SPECIALTY MARKETS: Bowcutt on Children

By concentrating on one key demographic, some clubs differentiate themselves from the fierce competition that a consolidating market creates.

Florida is the fifth largest fitness market in the country, according to Steven Bowcutt, owner of The Kidz Club in Sunrise. In his area alone, clubs bearing the names of major chains are on all sides of him.

While these chains may offer children's programming, they don't dedicate their entire facilities to youngsters. The Kidz Club does, and it makes a difference. "We are a freestanding children's fitness facility," Bowcutt says. "You don't have to walk by a bodybuilder or go in locker rooms with adults."

Still, The Kidz Club isn't the only game in town when it comes to children's programming. My Gym, a franchisor with roots in California, boasts three locations within a 15-mile radius of The Kidz Club. However, My Gym focuses on gymnastics for kids, while The Kidz Club concentrates on fitness programming. If The Kidz Club were just a gymnastics studio, it could never compete with My Gym. "We would starve," Bowcutt says.
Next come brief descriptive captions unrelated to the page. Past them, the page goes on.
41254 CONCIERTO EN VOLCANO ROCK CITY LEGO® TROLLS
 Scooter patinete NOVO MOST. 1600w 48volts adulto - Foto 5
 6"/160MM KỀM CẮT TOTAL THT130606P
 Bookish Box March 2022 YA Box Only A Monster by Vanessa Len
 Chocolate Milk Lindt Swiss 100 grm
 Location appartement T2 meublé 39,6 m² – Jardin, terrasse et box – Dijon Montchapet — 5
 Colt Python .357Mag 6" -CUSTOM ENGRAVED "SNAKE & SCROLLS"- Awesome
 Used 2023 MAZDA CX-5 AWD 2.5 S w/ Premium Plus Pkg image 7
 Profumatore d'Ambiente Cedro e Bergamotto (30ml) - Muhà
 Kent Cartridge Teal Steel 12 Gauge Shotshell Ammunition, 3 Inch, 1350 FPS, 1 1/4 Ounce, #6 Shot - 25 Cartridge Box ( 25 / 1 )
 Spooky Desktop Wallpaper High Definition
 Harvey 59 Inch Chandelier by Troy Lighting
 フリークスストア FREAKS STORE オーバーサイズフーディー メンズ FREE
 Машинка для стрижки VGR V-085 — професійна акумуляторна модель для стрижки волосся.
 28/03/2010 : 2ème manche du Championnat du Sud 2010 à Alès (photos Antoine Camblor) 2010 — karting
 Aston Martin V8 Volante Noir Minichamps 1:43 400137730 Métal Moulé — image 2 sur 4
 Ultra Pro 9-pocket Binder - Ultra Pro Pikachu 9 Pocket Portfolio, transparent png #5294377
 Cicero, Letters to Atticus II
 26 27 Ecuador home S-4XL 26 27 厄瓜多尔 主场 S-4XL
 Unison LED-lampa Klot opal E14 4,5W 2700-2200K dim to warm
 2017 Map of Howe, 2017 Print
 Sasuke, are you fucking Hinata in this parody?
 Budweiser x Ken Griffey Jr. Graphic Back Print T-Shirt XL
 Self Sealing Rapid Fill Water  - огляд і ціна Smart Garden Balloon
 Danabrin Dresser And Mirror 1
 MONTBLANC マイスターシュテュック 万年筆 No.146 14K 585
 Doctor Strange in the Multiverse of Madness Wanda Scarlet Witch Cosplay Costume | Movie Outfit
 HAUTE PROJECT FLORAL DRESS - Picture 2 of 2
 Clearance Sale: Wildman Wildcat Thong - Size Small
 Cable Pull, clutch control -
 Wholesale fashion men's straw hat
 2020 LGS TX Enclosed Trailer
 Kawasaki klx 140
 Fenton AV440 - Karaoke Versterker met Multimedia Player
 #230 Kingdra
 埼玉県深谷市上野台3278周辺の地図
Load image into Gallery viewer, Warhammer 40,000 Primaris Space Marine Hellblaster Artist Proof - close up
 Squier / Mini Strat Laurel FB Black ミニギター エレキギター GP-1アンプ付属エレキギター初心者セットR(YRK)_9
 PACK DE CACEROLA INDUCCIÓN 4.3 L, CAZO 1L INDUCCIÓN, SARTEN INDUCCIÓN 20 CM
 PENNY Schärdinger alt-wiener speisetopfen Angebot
Since The Kidz Club can't afford to do the advertising of the franchise chain, it must rely on differentiation to generate buzz. Serving children from 6 months to 13 years old, The Kidz Club offers a circuit of strength equipment; rock climbing; court sports; obstacle courses; and exercise classes that take familiar aerobic activities and scale them down to kids' size. The club also takes pride in its staff and spotless interior. "You walk into the facility and you smell the cleanliness," Bowcutt claims.

And plenty of people have walked into his club-including representatives from chains that want to license The Kidz Club concept for their facilities, according to Bowcutt. It's a concept with longevity, he believes. He points out that fast food, computers and televisions aren't going away, so neither is the need for children's fitness. "It's in its infancy," he says.

No pun intended.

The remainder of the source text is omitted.